- A definitive illustrated history of the graphic work of the Railways Studios.
- A stunning new perspective on NZ tourism
- Perfect for anyone interested in graphic design
On the 100th anniversary of its creation, this book celebrates Railways Studios – the design studio of the New Zealand Railways – and its role in helping build and connect New Zealand. It’s a surprising story: a government agency that produced advertising for any-and-all clients, and dominated outdoor advertising for over 65 years (1920–1987).
The Studios’ advertisements ranged from posters to painted billboards and brochures, and they decorated every city and town, creating a gallery of the street.
Whatever the promotion – from rail travel and tourism to enlistment in the army, clothing and health promotion – the Studios played a role. Thousands of its designs influenced public attitudes, shaping how New Zealanders saw themselves.
By Peter Alsop, Neill Atkinson, Katherine Milburn and Richard Wolfe
About the authors
Peter Alsop is a senior executive who has worked across the public and private sectors. He is a keen collector of New Zealand art, with particular interests in tourism publicity, hand-coloured photography and mid-century New Zealand landscape paintings. He is the author and co-author of nine previous books, including Promoting Prosperity, Hand-Coloured New Zealand, and Scenic Playground.
Neill Atkinson is Chief Historian/Manager of Heritage Content at Manatū Taonga – Ministry for Culture and Heritage, where he is responsible for the Ministry’s history and reference websites: Te Ara – Encyclopedia of NZ, Dictionary of NZ Biography, Te Tai Treaty Settlement Stories, 28th Māori Battalion, and NZ History. He is the author of six books and a number of articles and chapters, mostly on New Zealand's political and transport history, including Crew Culture: New Zealand Seafarers under Sail and Steam (Te Papa Press, 2001) and Trainland: How Railways Made New Zealand (Random House, 2007).

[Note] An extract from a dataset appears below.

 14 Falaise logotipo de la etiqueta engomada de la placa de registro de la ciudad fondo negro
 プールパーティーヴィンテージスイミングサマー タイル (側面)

Katherine Milburn is the ephemera collection curator at the Hocken Library, Dunedin, and has extensive knowledge of the Railways Studios’ output.
Richard Wolfe is an art, design and cultural historian who has a PhD in Art History from the University of Auckland and a BFA from the Elam School of Fine Arts. He was Curator of Display at Auckland War Memorial Museum from 1977 to 1997, and has written or co-authored around 40 books covering aspects of New Zealand art, history and popular culture. He has contributed over 50 articles to the quarterly Art New Zealand, as well as articles to other journals, and has curated or supported the development of multiple art exhibitions.